James Gunn has defended The Brave and the Bold screenwriter Christina Hodson amid fan concern following news she will write the DC Universe’s Batman movie.

Last week, The Hollywood Reporter confirmed that Christina Hodson was writing The Brave and the Bold, which will be the first Batman movie in James Gunn and Peter Safran’s rebooted DC Universe. Hodson is best known for writing 2018’s Transformers spinoff Bumblebee, 2020 DCEU movie Birds of Prey, and 2023’s ill-fated The Flash. She also wrote the infamous Batgirl movie Warner Bros. canceled after it was ready for release.

The backlash has a number of components to it, one of which is The Flash itself. 2023 superhero movie The Flash, starring Ezra Miller, was a critical and commercial flop, pulling in just $271 million worldwide during its theatrical run. Both it and the entire DCEU are now defunct.

Gunn responded to one person on social media who said Hodson was getting “unjust hatred,” suggesting The Flash fans saw in theaters wasn’t The Flash Hodson outlined in her screenplay.

“I will only say anyone maligning Christina Hodson's screenwriting skills has almost certainly never read an actual screenplay by Christina Hodson — she's one of the writers who was with us early in the DCU planning stages,” Gunn said. “I don't think you can judge my writing based on films others directed, as massive liberties are sometimes taken.”

In October, The Flash director Andy Muschietti defended his box office bomb, insisting people “like to talk s***” about films they haven’t seen. In an interview with The Playlist to promote IT prequel series Welcome To Derry, Muschietti insisted The Flash was a good movie, and some of the criticism it suffered came from people who hadn’t even seen it.

“A lot of people did not see it,” he said. “But you know how things are these days — people don’t see things, but they like to talk s*** about it, and they like to jump on bandwagons. They don’t really know. People are angry for reasons that are unrelated to these things.”

Muschietti then acknowledged the impact of Ezra Miller’s off-screen controversies on the movie. “Of course, we had a publicity crisis with Ezra that is undeniable,” he said. “And I’m not questioning that. But yeah, we love the movie. And actually, we really recommend it.”

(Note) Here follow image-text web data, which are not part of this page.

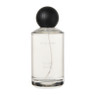 Roomspray island waves - grijs - 100 ml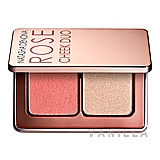 Natasha Denona Mini Rose Cheek Duo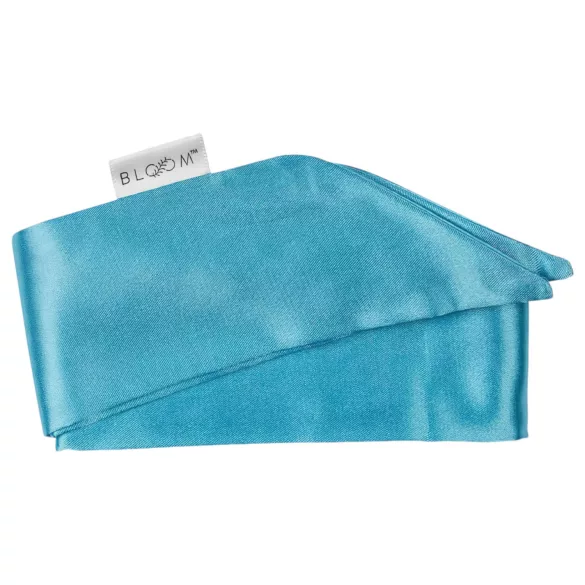 Bloom Tulip - vibrador clitóris recarregável - silicone - turquesa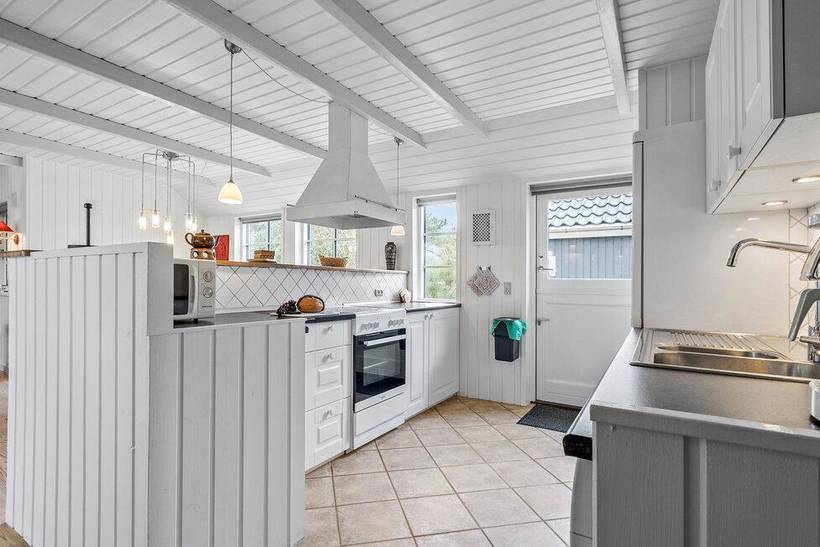 Foto von Ferienhaus DM42 in Hemmet - Skaven - Westjütland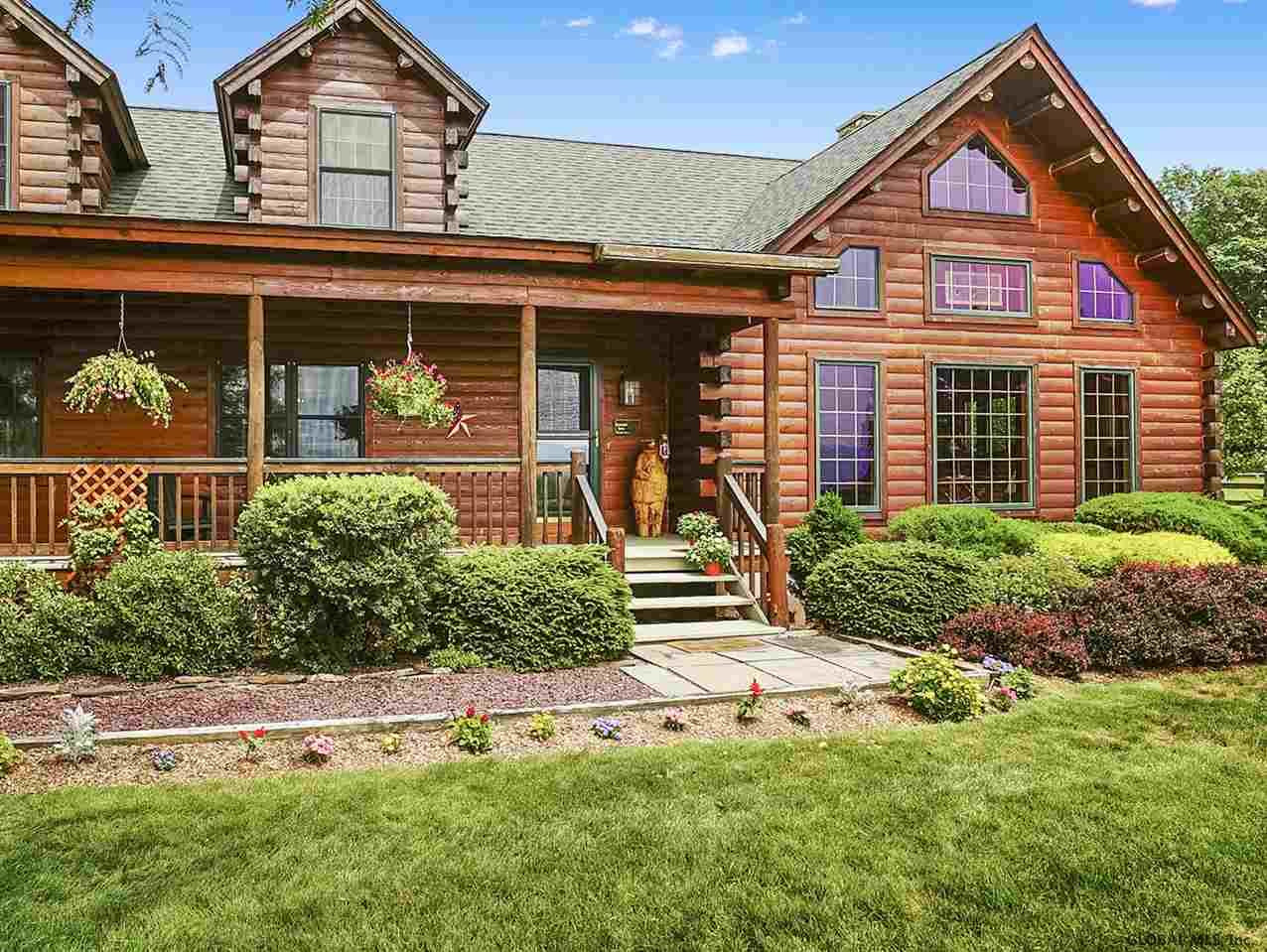 80 Fleming Road Rensselaerville, NY 12147 - Photo 5 of 58 Photo 5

He continued: “And again, we love the movie. We, you know, we gave it our blood, sweat, and tears all the way to the end. And I watched it, like a week ago, and loved it again.”

In January last year, Muschietti said The Flash failed at the box office because "a lot of people just don’t care about the Flash as a character."

Muschietti said the film failed to appeal to "the four quadrants" — a movie industry term meaning to appeal to everyone — enough to justify its $200 million budget.

"The Flash failed, among all the other reasons, because it wasn’t a movie that appealed to all four quadrants. It failed at that," Muschietti said. "When you spend $200 million making a movie, [Warner Bros.] wants to bring even your grandmother to the theaters.

"I’ve found in private conversations that a lot of people just don’t care about the Flash as a character. Particularly the two female quadrants. All of that is just the wind going against the film I’ve learned."

The four quadrants, as defined by Hollywood, are males under 25, males over 25, females under 25, and females over 25.

As for The Brave and the Bold, Hodson may be set to reunite with Muschietti, who THR said remains on board the film but whose involvement is not set in stone given his commitments to Welcome to Derry Season 2. Either way, it sounds like The Brave and the Bold is some way away. THR said “it would be some time before a definitive draft comes in as the studio is taking a measured approach to its development.”

Gunn must navigate next year’s release of The Batman 2 and potentially The Batman 3. The Batman 2, starring Robert Pattinson in the title role, is set to launch five-and-a-half years after The Batman, on October 1, 2027. Writer-director Matt Reeves has said he set out to make a trilogy of Batman films as part of his Batman Epic Crime Saga, and as of 2024 that plan was still on. The Batman films exist in a universe separate to the ongoing DCU, and given Gunn has ruled out Pattinson’s Batman crossing over, we’re set for a new actor to play the Caped Crusader for The Brave and the Bold.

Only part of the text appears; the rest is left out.